TASK TO CARRY OUT:
Write out the records beneath this line exactly as they appear, minus any images.

Crawled caption data:
= = = = = = =
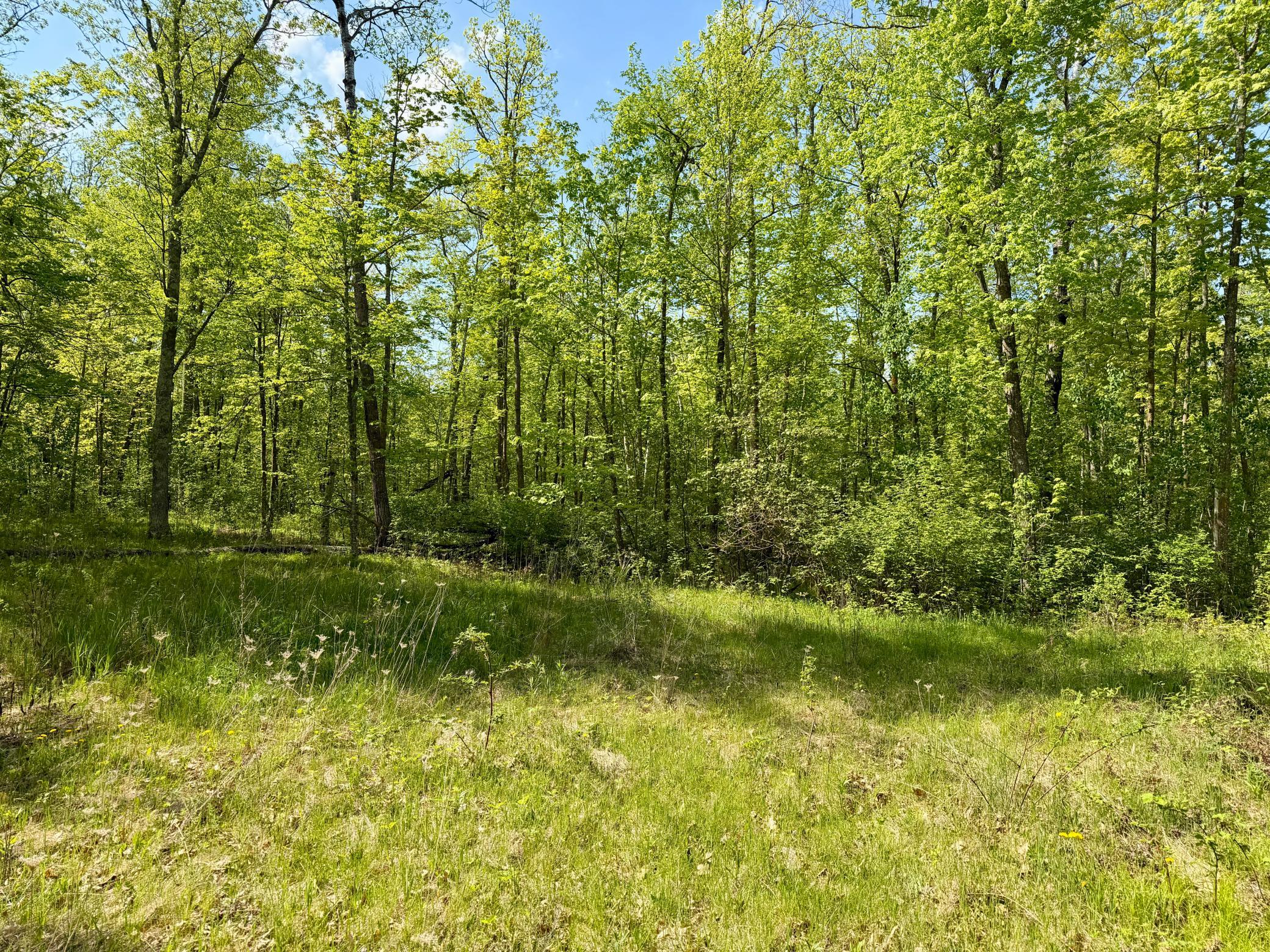 9072 County 8 Northeast Remer, MN 56672 - Photo 5 of 7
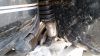 Honda_GL_1100_SC02_schwarz_Verkleidung_Koffer_Sturzbuegel_JAMA_Edelstahl-Auspuff_Radio_Highway-Bars_-_wie_GL1000_GL1_GL2_47.jpg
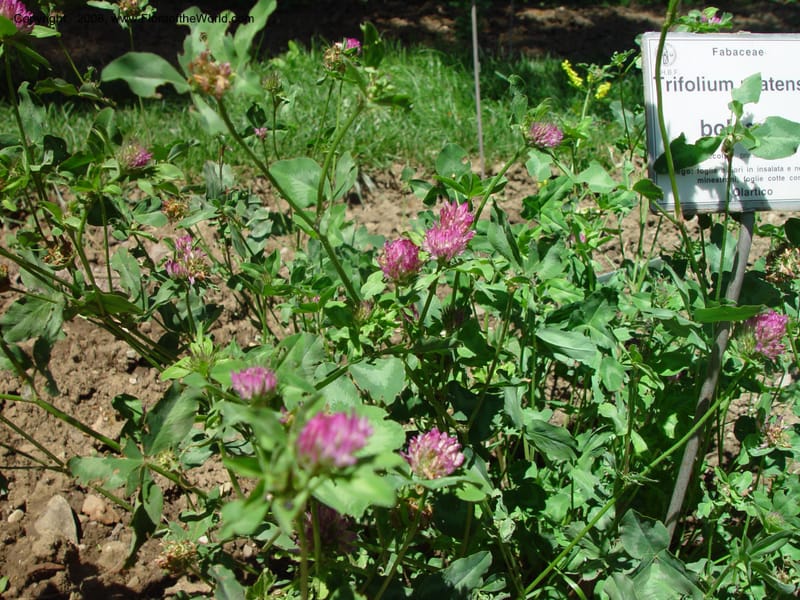 Trifolium pratense--Italy. Tuscany. Univ. Firenze, Giard. dei Simplici, Florence. 22 May 03. 002.jpg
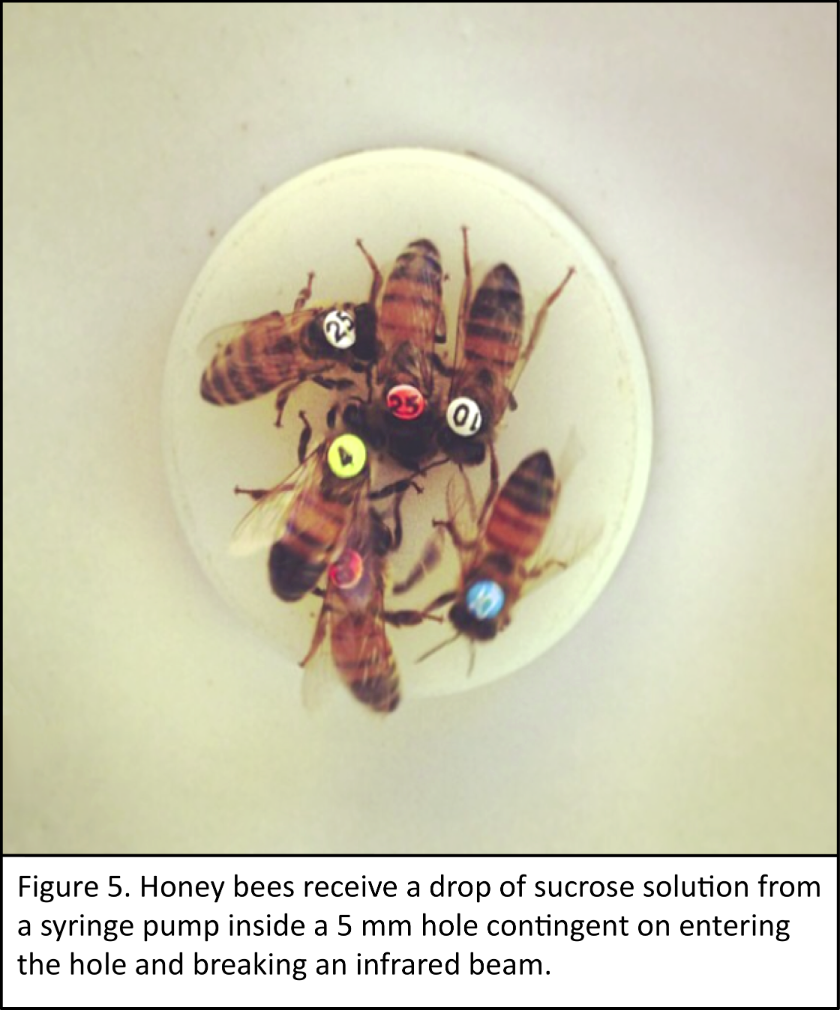 Figure from The Propeller Experiment Controller Paper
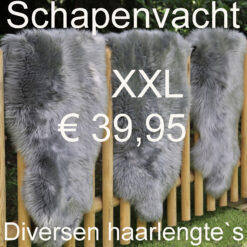 Schapenvacht GRIJS 120> 125cm Schapenvel € 39,95 Vacht Schapenhuid Schapenvel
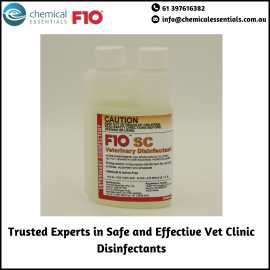 Trusted Experts in Safe and Effective Vet Clinic D, $ 0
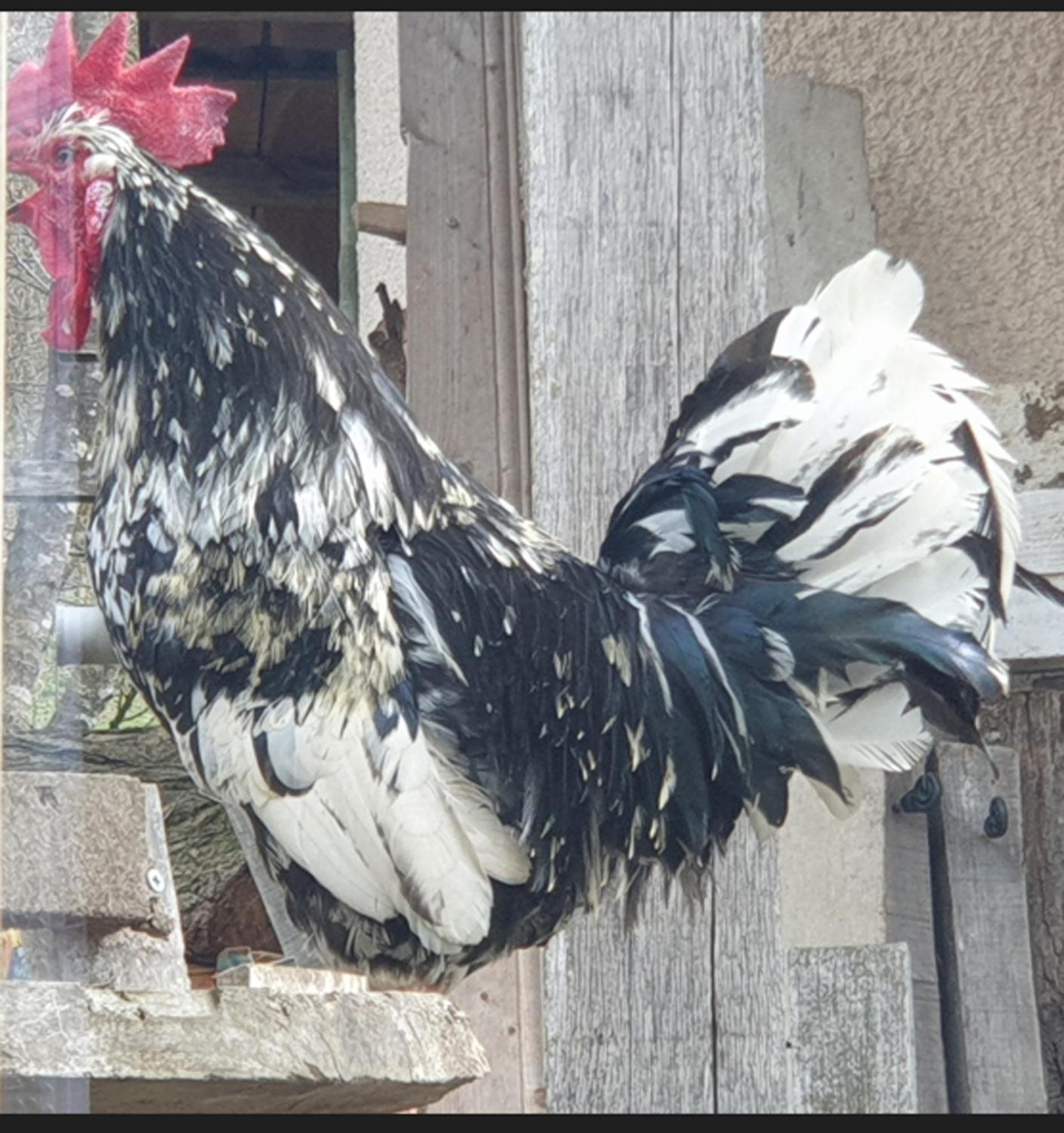 Seuls en Pleine Nature - Gîte la Côte Blanche Puygaillard-de-Quercy Exterior foto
= = = = = = =
RESULT OF THIS EXERCISE:
 9072 County 8 Northeast Remer, MN 56672 - Photo 5 of 7
 Honda_GL_1100_SC02_schwarz_Verkleidung_Koffer_Sturzbuegel_JAMA_Edelstahl-Auspuff_Radio_Highway-Bars_-_wie_GL1000_GL1_GL2_47.jpg
 Trifolium pratense--Italy. Tuscany. Univ. Firenze, Giard. dei Simplici, Florence. 22 May 03. 002.jpg
 Figure from The Propeller Experiment Controller Paper
 Schapenvacht GRIJS 120> 125cm Schapenvel € 39,95 Vacht Schapenhuid Schapenvel
 Trusted Experts in Safe and Effective Vet Clinic D, $ 0
 Seuls en Pleine Nature - Gîte la Côte Blanche Puygaillard-de-Quercy Exterior foto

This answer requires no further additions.